Superintendent Jenny Wilson - who oversees policing in the region encompassing the Ballarat, Moorabool, Hepburn, Golden Plains and Pyrenees communities - said the local police presence would be just as strong throughout this time, if not more so, with increased patrols already being conducted.
"We're committed to continue our core roles and response, as we always have, but just might look a bit different and the way we contact people may also continue to change," she said.
"At the end of the day, all of these changes are being made to keep our community safe and to stop the spread of this virus, which we know could result in the death of some of our residents, particularly the most vulnerable people."
Before attending an incident, a caller will be asked a series of questions to determine the level of risk. While police will continue to respond, they will look a little different while they conduct their duties and will wear personal protection equipment such as glasses, gloves, masks and at times even disposable overalls in order to not only protect the police members themselves but also community members.
Police are also limiting the number of people who attend police stations.
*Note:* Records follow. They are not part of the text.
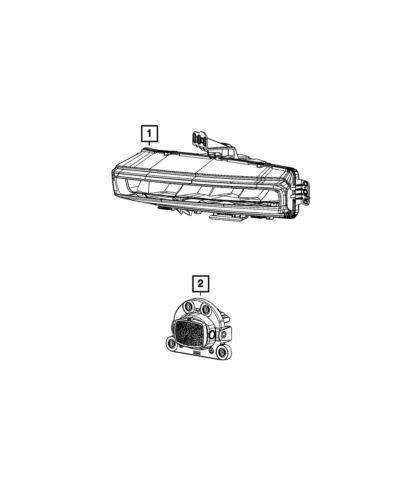 Genuine mopar fog lamp lamp and bracket right 68465140ac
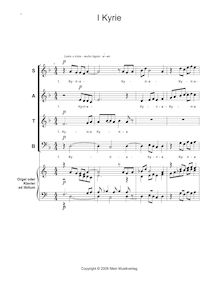 Partition , Kyrie, Missa brevis, Kurzmesse, D minor and major, Zintl, Frank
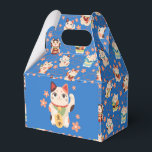 Caixinha De Lembrancinhas Gatos Sortudos Maneki Neko<br><div class="desc">Compartilhe alegria e boa sorte com essas caixas de favores japonesas do Maneki Neko. Com um padrão de gato sortudo desenhado à mão,  são perfeitas para casamentos,  aniversários e celebrações festivas.</div>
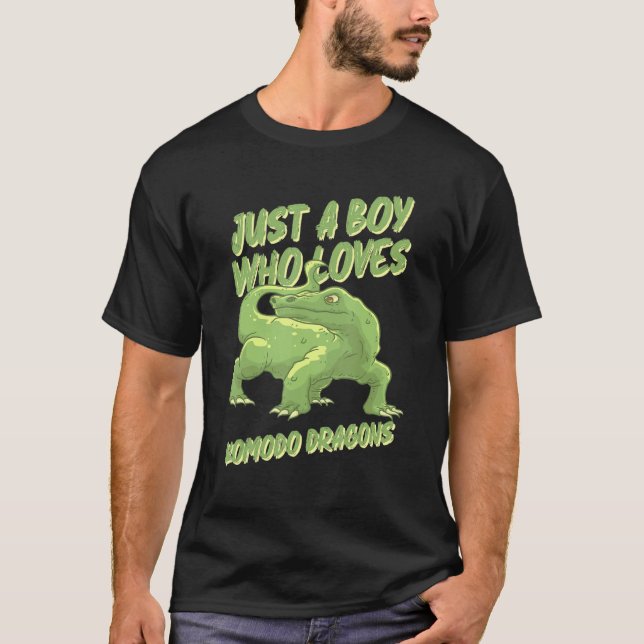 Nur ein Junge, der Komodo Dragons Liebe Lizard übe T-Shirt (Vorderseite)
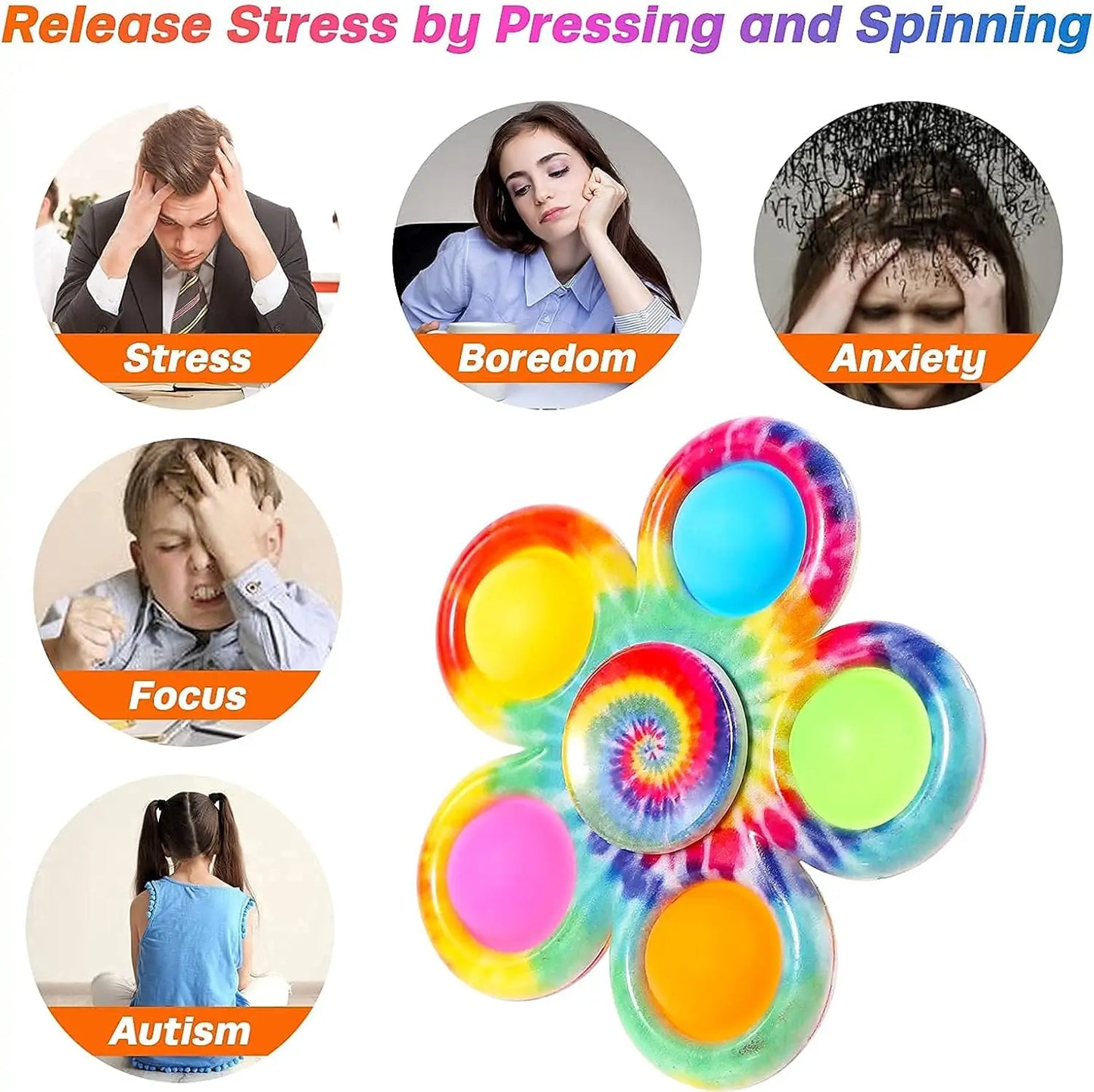 Fidget Spinner Toys Pops Finger Sensory Anxiety Stress Relief Toys ADHD Autism Treasure Box Toys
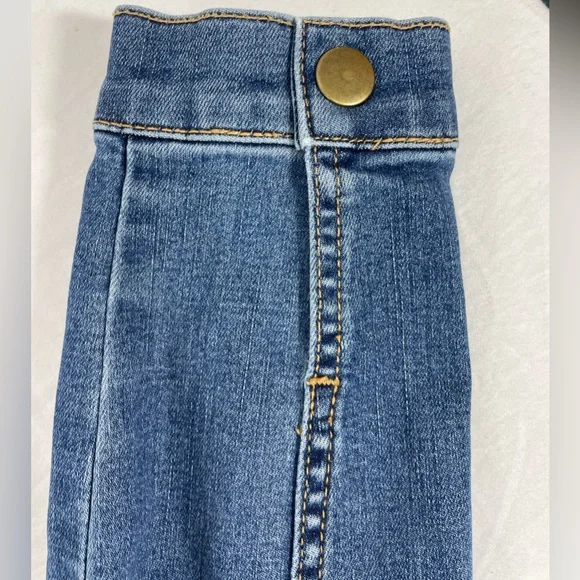 Free People Denim Jumpsuit Medium Zip Front Utility Coverall Blue Long Sleeve - Picture 6 of 16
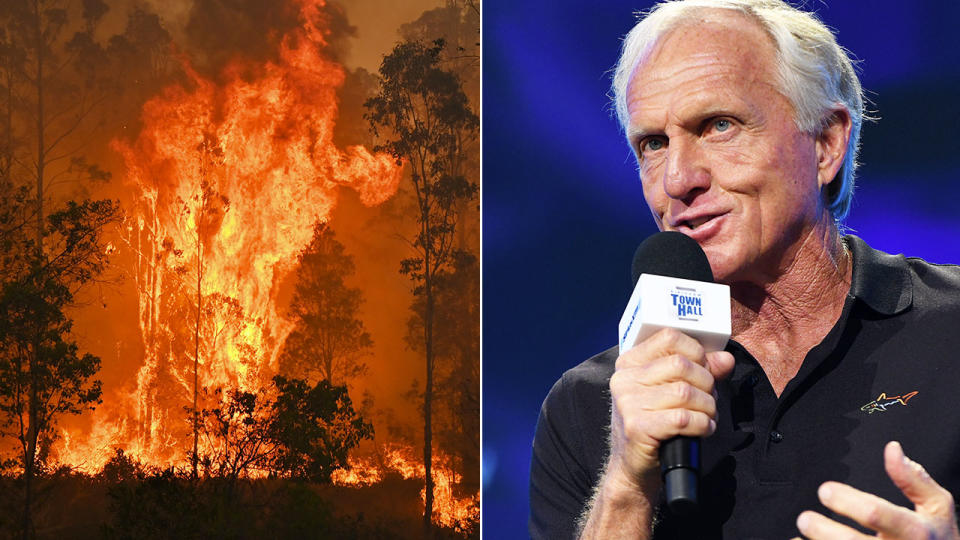 Pictured here, Greg Norman says the bushfire crisis cuts to his core.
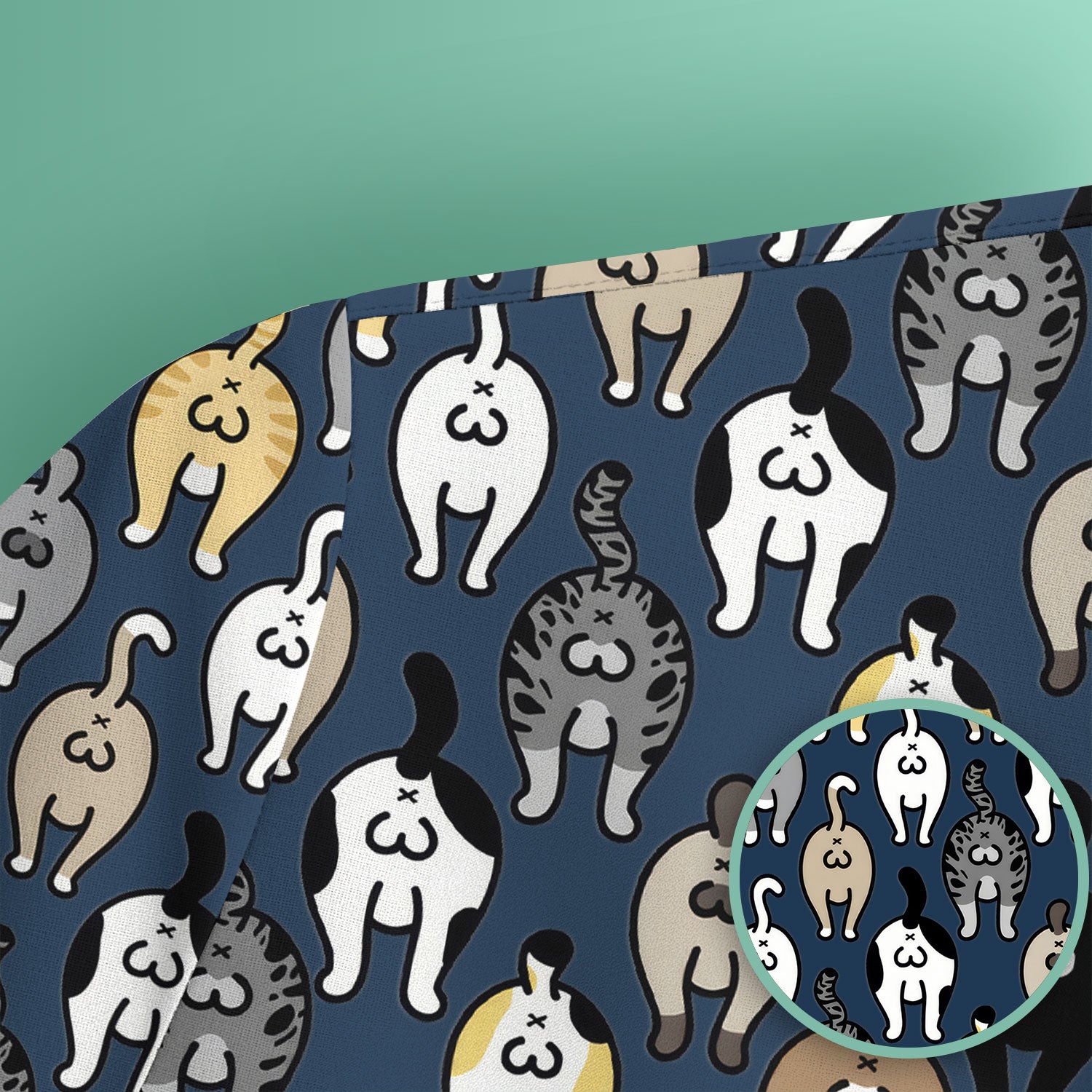 Cat Lover Nurse Scrub Top, Funny Cat Butt Pattern Medical Shirt, Breathable Fabrics Nursing Uniform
One member and 16-hour police stations are closed to the public as members will be out on patrol in their communities, though signs on the doors of the stations list various phone numbers to call for assistance.
Calling the station directly may divert to the station's police mobile, so members will still be contactable and if required to attend, will return to the station.
In Ballarat, both Ballarat North and Ballarat West police stations are closed to the public until further notice. Community members can still attend Ballarat Police Station but there is a limit of four people within the waiting area at any one time due to social distancing regulations.
Due to the current situation being completely unprecedented, police don't know what sort of issues will arise as time goes on but are preparing for a number of issues which may stem from social isolation - such as the possibility for an increase in family violence, an increase in crime due to unemployment and drink and drug driving.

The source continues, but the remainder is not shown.